The pretty packages at your grocery store make it look so easy. Don't be fooled: Getting your lovingly handcrafted local food product onto those shelves is a byzantine process that requires sweat, start-up capital, nerves of steel, and, of course, a delicious, original product. Jill Padua, a Narrowsburg resident who has spent over a decade in the Sullivan County food business, just took a crack at it. Last fall, she shuttered her successful catering business, Jill's Kitchen, in order to begin bottling her best-selling product: her unique sesame noodle sauce. The first bottles of Open Sesame sauce rolled off the conveyor belt on March 11. Already, Padua has plenty of advice for fledgling food entrepreneurs.
Watershed Post: Why sesame sauce?
Jill Padua: I had a restaurant from the late 1980s to the early 1990s. I made sesame noodles there, and when I opened my catering business in 2001, I was making it regularly, and it became my biggest-selling product. Everybody loved it. And this past year, when I was trying to decide where my life was going, I looked at my records of what we made in our commercial kitchen here over the past year, and we made over 300 gallons of the sauce. In one year.

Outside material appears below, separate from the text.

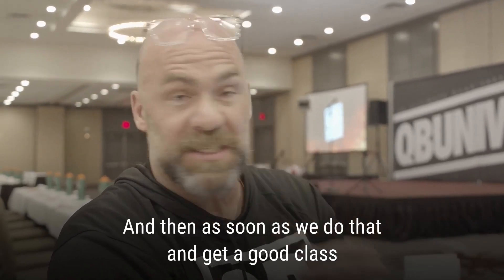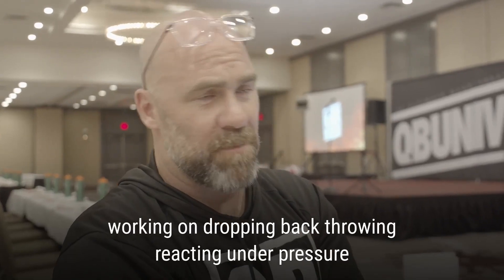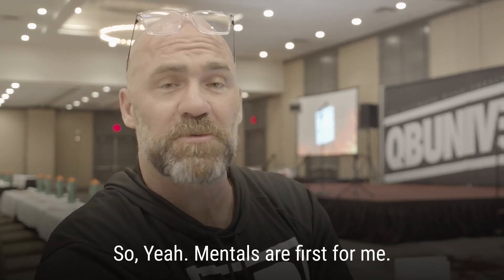As soon as we do that and get a good class, we head right to the field and get working on dropping back, throwing, reacting under pressure, and doing all the things they've got to do physically. Mentals are first for me.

WP: Going from an entire catering business to just one product is a big shift. Why'd you do it?
JP: A lot of my clients pushed me to do this. They said, "You should bottle this." In the fall, my son moved away, and it opened up a whole new train of thought for me. My business in this neck of the woods is very seasonal. We work like mad people for five months out of the year, and I still couldn't make enough money in the summertime to get me through the winter. Because my commercial kitchen is attached to my house, my liability insurance was $8,000 per year. That's plus renters' insurance. That's one of the reasons that I decided that I would absolutely go with a co-packer.

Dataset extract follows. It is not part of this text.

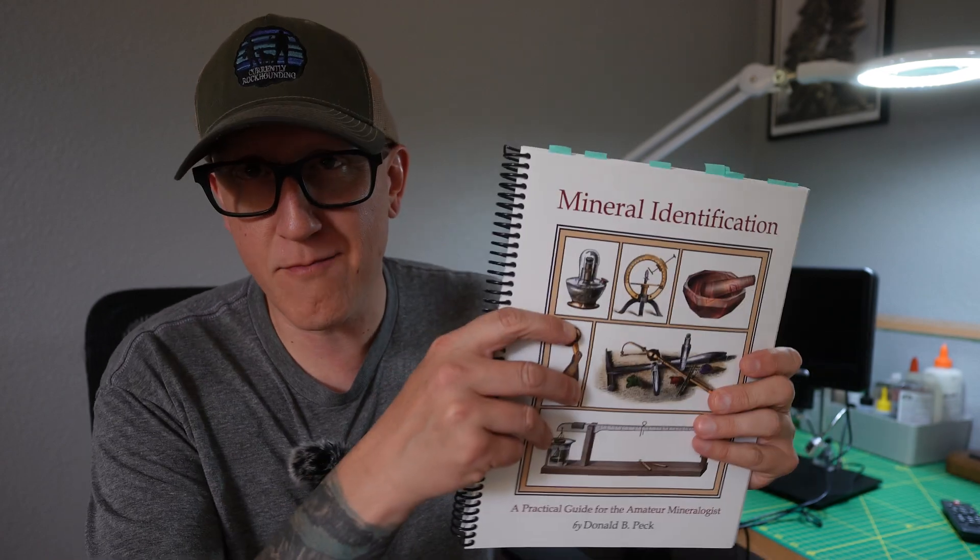Welcome back to the channel, everybody. I'm going to share with you today something that I really love, and that is mineral identification and mineralogy.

WP: How did you go looking for a co-packer?
JP: I got references from Cornell. They gave me the names of a few, and I went and looked at each facility and spoke with the director.
WP: And which one did you choose?
JP: Nelson Farms. It's about three hours away. The facility is clean, professional, and very helpful, and everybody there is wonderful to work with. At a co-packer, you can have them produce the product, or you can rent the facility to make your own. I have them make it. They are professionals. This is what they do.
WP: Was it hard to adapt your recipe for production?
JP: That took the longest, developing a self-stable product. That means having the correct pH so that it doesn't go bad on the shelf.
WP: How many batches did it take you to find the right recipe?
JP: They were very small batches, but i would say 40 to 50 batches, a cup or a couple of cups each. I tested it with a pH meter that I purchased. You want to get the flavor right and the pH right. I would test it here, and then I took it to Nelson Farms, to the head of product development. I took my recipe to her and she re-tested it there to make sure that the pH was correct, and then she sent sent the paperwork to Cornell. Then Cornell gives you a scheduled process. Any co-packer has to follow a scheduled process when they make your product, and they can't deviate. Since I have two different sauces, mild and spicy, I have two different scheduled processes. Each costs $45.
WP: What are some of the other costs you had to pay up-front?
JP: I have purchased product liablity insurance for $350. The co-packing facility costs 75 cents a bottle plus ingredients. That includes making the product, bottling it, and putting on the label. Then there's marketing costs, and the cost of label design. The label design would have cost about $2,500, but a friend did it, so it cost a lot less. Then there's the cost of the bottles, the caps, the shrink-wrapped seals. The UPC codes are $750 per code. I have two products, so there were two of them.
WP: That's a lot of money.
JP: It's not cheap. I sold the equipment from my commercical kitchen, I have some stock that I cashed in, and I've been using my credit cards. I'm not rich, but I've worked a lot of years in this business, and I need a better life, a balanced life, and I believe that this product will lead to that.
WP: What advice do you have for others who want to bring food products to retail stores?
JP: Research, research, research. Find a good co-packer, ideally one that does some distribution. Not all co-packers do. My co-packer purchased ten cases right off the get-go. If you're going to do just local, you don't need UPC codes, but if you're going to get into a big store, you have to have UPC codes. If you have a product you believe in, it's not a headache. Until you know the system, don't make yourself crazy. If you have something really unique, you have a better chance.
You can find Open Sesame on their website, via their listing in our local business directory, or on the shelf at local markets around New York and Pennsylvania.